When I got the statement I urgently called my editors to share the news, that the leader of the green council had indeed flown 460 miles to Glasgow for a climate convention.
Shocked and dumbfounded by the level of hypocrisy, we began writing the exclusive while hoping the same apology had not been circulated elsewhere.
It hadn’t and we splashed on the blunder the next day, revealing the scale of the mistake after discovering he had made a speech on the importance of cutting carbon emissions the very next day.
Immediately, the story began to pick up national attention.
First by Guido Fawkes, then by The Telegraph, who featured the story top of the website for most of the afternoon.
Before long, every paper in the country was running it. Including the Daily Star, who splashed on a rather comical front page the following day.
Piers Morgan even weighed in, labelling the council leader an ‘eco-hypocrite while praising the scoop.

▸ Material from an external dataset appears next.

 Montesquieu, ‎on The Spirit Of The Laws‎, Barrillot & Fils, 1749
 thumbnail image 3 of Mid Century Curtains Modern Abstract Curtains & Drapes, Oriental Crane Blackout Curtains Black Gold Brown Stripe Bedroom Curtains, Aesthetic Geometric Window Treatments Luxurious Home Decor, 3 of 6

This is exactly the kind of story that fuels my burning passion to hold power to account and emphasises the importance of regional journalists scrutinising political leaders.
Our polarised politics has seen a rise in corrupt, hypocritical and unethical decision making from MPs and leaders across the country.
For too long, this mindset has been accepted and has often gone without public scrutiny.
It is our role as journalists, up and down the country, to ensure these political leaders do not abuse their privileged position of power and above all — call them out for when they do.
Four days after his apology, Phelim Mac Cafferty announced he would not be stepping down as leader despite mounting pressure for him to resign.
The Argus will continue to scrutinise and celebrate the work of all politicians in the county.